A year of Poverty, Painting and Food: Twelve years in catering over, my aim is to paint full time. Stu, my other half, is stuck as a chef feeding the x-thousand over an Edinburgh winter. His cooking tips and budgeting are propelling us through the year on a tenner a day, while I paint.. No comparison to Pablo's talent; I have just named my blog after the Paris studio where he suffered the twin purgatory of poverty and artistic ambition on the cusp.. I am emerging!

Sunday, 7 November 2010

Angeltastic

It has to be a good weekend when new pictures of art events and new pictures are vying for space on my Facebook profile and blog! Having had a truly superior and inspiring day yesterday visiting the Number Four gallery in St Abbs, today I spent my usual Sunday slot at Ritchie's gallery in Leith and set to creating little box canvases for the now-looming Angel Haven show. And...I was on fire!! Angel-tastic day of really enjoyable painting and listening to music and chatting to the odd customer.. a bit slow on that front but still red-dotted a picture of Ritchie's for payment later and advised on a commission they want to go with it! So, all in all that will be a decent payday for a brisk fifteen minutes work after closing time!! It is really worth going in a bit early and hanging back a bit late - I have never, ever been a clock-watcher and just enjoy the time to myself dottering about getting paintings done in a cat and distraction-free environment. Found a great Taschen book on 'The Portrait' and put it aside to have a browse and a cup of tea at some stage in the day... never got there! Too many little angel ladies were begging to pop out onto the box canvases that I used to so hate working on..
Ritchie is hitting his stride with his side of the show by the looks of things- lots of lovely little ones all over the place on box canvases and wee boards, and a small but very cool collection of 'icon' influenced angels with gold leaf downstairs in the office waiting their moment.

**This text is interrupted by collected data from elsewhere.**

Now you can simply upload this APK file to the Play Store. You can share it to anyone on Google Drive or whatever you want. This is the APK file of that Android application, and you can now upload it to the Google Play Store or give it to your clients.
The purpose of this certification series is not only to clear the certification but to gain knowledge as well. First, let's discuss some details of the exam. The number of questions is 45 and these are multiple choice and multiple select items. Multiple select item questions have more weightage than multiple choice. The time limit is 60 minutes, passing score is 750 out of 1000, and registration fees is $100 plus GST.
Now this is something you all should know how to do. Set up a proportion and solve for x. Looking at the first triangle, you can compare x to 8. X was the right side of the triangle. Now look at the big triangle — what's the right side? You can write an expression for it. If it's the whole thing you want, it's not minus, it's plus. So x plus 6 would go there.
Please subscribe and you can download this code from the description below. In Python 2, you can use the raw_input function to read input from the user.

Really kicked my temporary colour-block I think; for a few paintings there I was struggling to come up with colours in my usual way, which is essentially instinctive. I think maybe I was doing that thing I do of thinking too much about something, which of course causes it to malfuncition.

Watched pot never boils, over-thought colour never harmonises.

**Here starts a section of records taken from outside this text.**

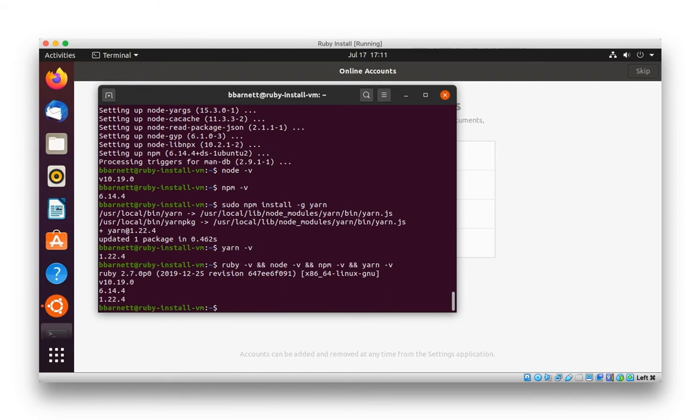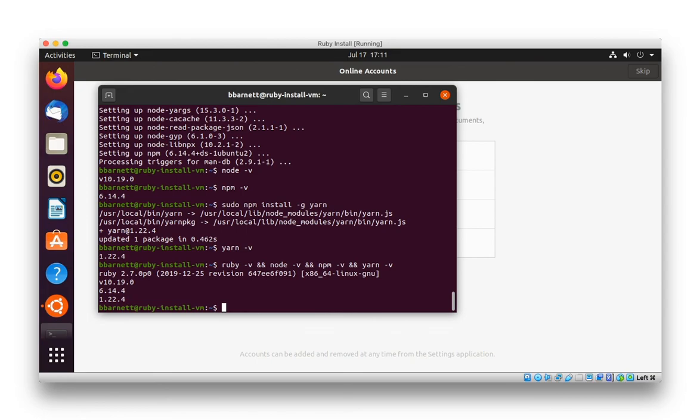There's our Ruby, Node, NPM, and Yarn versions. Everything we'll need to do Rails new and get a full, complete, fully baked Rails 6 app up and running on Ubuntu 20 LTS. Thanks.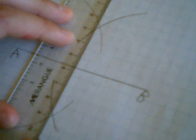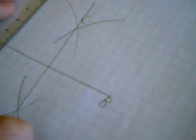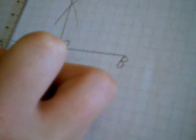Label the points C and D where the arcs intersect. Join CD. CD is the perpendicular bisector of AB.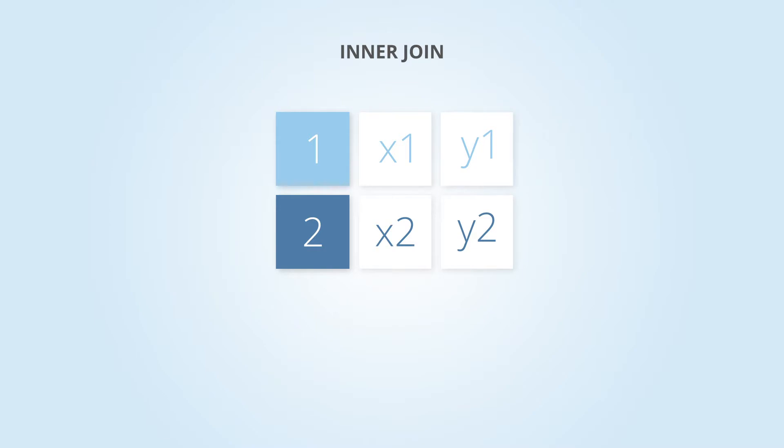You will want to use an inner join when you only want the results where rows match from both tables that satisfy your join condition.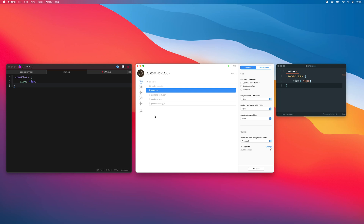CodeKit has many PostCSS plugins built in, but if you'd like to use one that's not, that's easy to do. For example, here in this CSS file, I have a size rule, and I'd like to use a plugin that automatically translates this line into width and height, so I don't have to type out both all the time.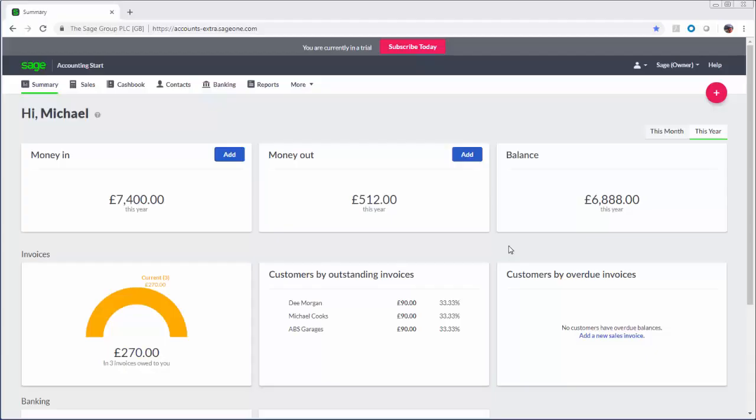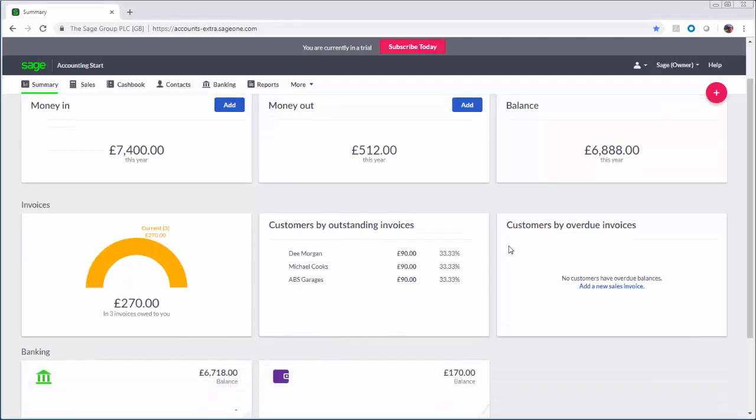If you've upgraded from SageOne Cashbook the first thing you'll notice is the look and feel. The summary page shows the performance of your business at a glance and from here you can quickly view your money in and money out whether you're making a profit or loss and your bank balances.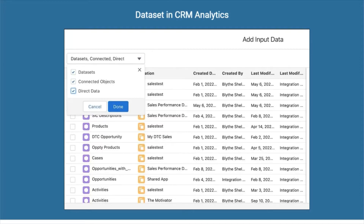We cannot do the same thing directly in our Salesforce org. If we want to combine external data in Salesforce, we have to load all the data from that external source into a particular object, relate it, and then create a report on that data — which takes much more time and effort.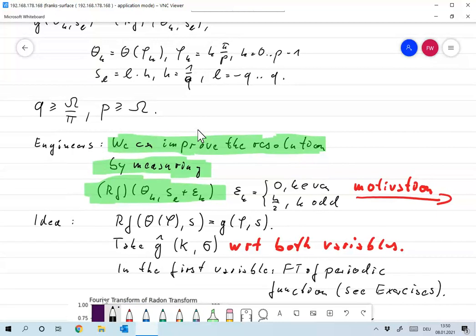There was an observation that was made by engineers. They said we can improve the resolution of a tomograph by playing around with our array of sensors. If we translate this array of sensors in each measurement — that means for each rotation — then the images become better. In our terms, that means they do not measure Rf(θ_k, s_l), but they measure something like Rf(θ_k, s_l + ε_k), where ε_k is 0 for k even and h/2 for k odd.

And with that cheerful note I am going to keep the ball rolling and head off for more of the same in the studio, where I have also (of course) started another new big 2 x 2 footer despite having told myself that I have to concentrate on the little boxes for the two remaining show now...

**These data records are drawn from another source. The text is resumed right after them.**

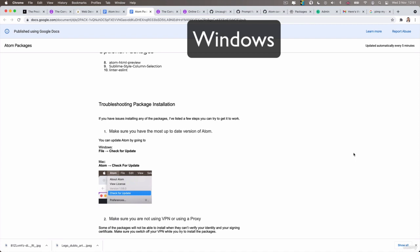So now, as a Windows user, you are done installing Atom, installing Chrome, and also the Atom packages. And you can safely skip the rest of the video and continue to the next lesson.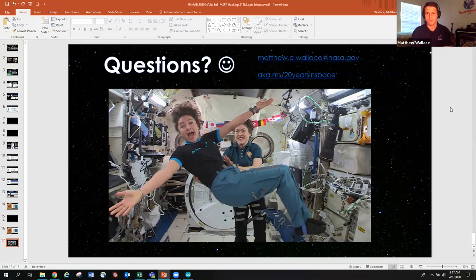And without further ado, I'm going to stop sharing my screen and say good day. Bye-bye.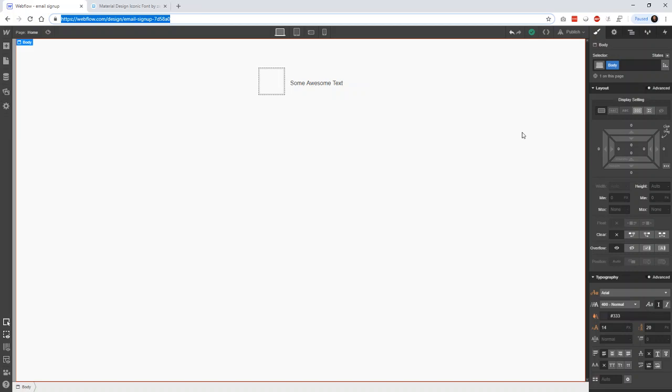Alright, welcome back to another web development video where I'll show you how to build modern websites using HTML5, CSS3, and a little bit of JavaScript. In this tutorial, I'm going to show you really quickly how to add an icon font into Webflow.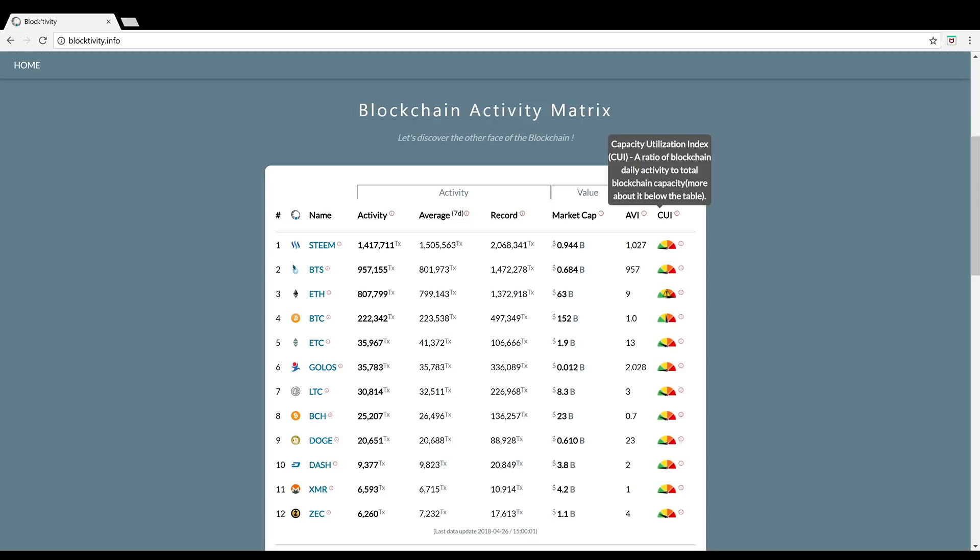Just to recap, the top five most active blockchains in the cryptocurrency space right now: number one Steem, number two BitShares, number three Ethereum, number four Bitcoin, and number five Ethereum Classic. Notable mention goes to Golos.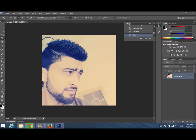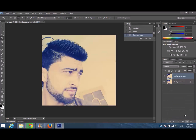Hey guys, today I'm going to show you how to blur the background from an image. First of all, open your Adobe Photoshop, select your image, and make a duplicate of your layer — like the background copy.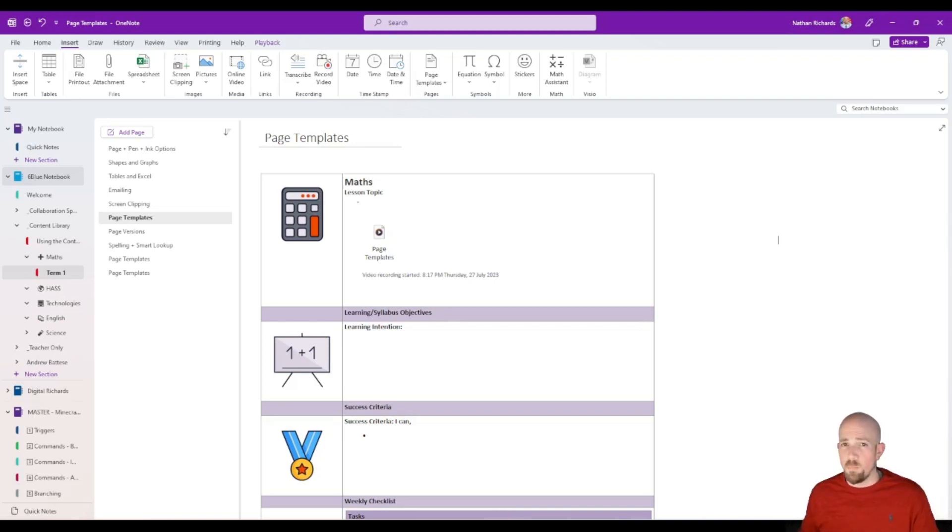Hi everyone, welcome to part three of five things you need to know when you're using the new OneNote.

But it is going to be sooooo cool, I just know it; I was 'dickering' (great word, just stole it off someone) around with drawings of buildings, which I hate, and suddenly spun off into a great elephant and angel image. Really free, man. It's gonna be a winner, and far more interesting than buildings, to me anyway.

Saturday, 6 November 2010

Delivery Number Four

One of those truly magical days when it so nearly went horribly wrong right at the end, forever erasing the wonder. Luckily, it didn't; wonder intact. Went down to St Abbs to deliver paintings for the Christmas show at the very lovely Number Four gallery and so, so nearly ran out of petrol in a monsoon on the return journey! Phew.
The gallery turned out to be somewhere I was familiar with; St Abbs has a great bird colony on the cliffs and I had visited a couple of times years back when I was fresh in the country and out and about more; once I came on my own and came dangerously close to flying off the cliff top in a gale, so I approached with caution on this occasion.. Last time I visited I remember peeking into some lovely old farm buildings overlooking the plateau above the cliffs, where craft workshops were supposed to be, but were closed up. This is now the gallery, and so much more has been made of the space and location; I am in awe of the work that has gone into it and in love with most of the artwork. Jenny Martin, who runs the gallery, also creates some gorgeous minimal landscapes on fabric with very cool Japanese style minimalist frames - a kind of glass sandwich with wooden top and base held together with string (cord, twine...) which works really well. I also became very attached to a lot of different ceramicists - I always love a good potter and there were a remarkable number of great pieces here, especially little relief pictures by Hilke Macintyre and patterned ceramic plates by Pollie and Gary Uttley. Both of these I am eyeing up for myself, as long as the cats are able to keep their paws off. I should have written more names down, as I was quite overwhelmed a) to find so much great work and b) to be about to hang my work among it! I think it will look awesome though; my long deliberation about which pieces to take, and all the reframing, was worth it in the end. It is a good feeling when you are content and proud of a piece you leave behind somewhere...

The day was kind to me as well; weather so sunny and crisp that the right hand side of my face was pink and glowing by the time I turned off the A1; the views over field and coast were just fantastic and I felt myself coming all over landscapy again. If only there were more time in the world I would put all these ideas into being and have a housefull of paintings, all of different experimental ideas and genres. Alas, I do what I can in the time I am given.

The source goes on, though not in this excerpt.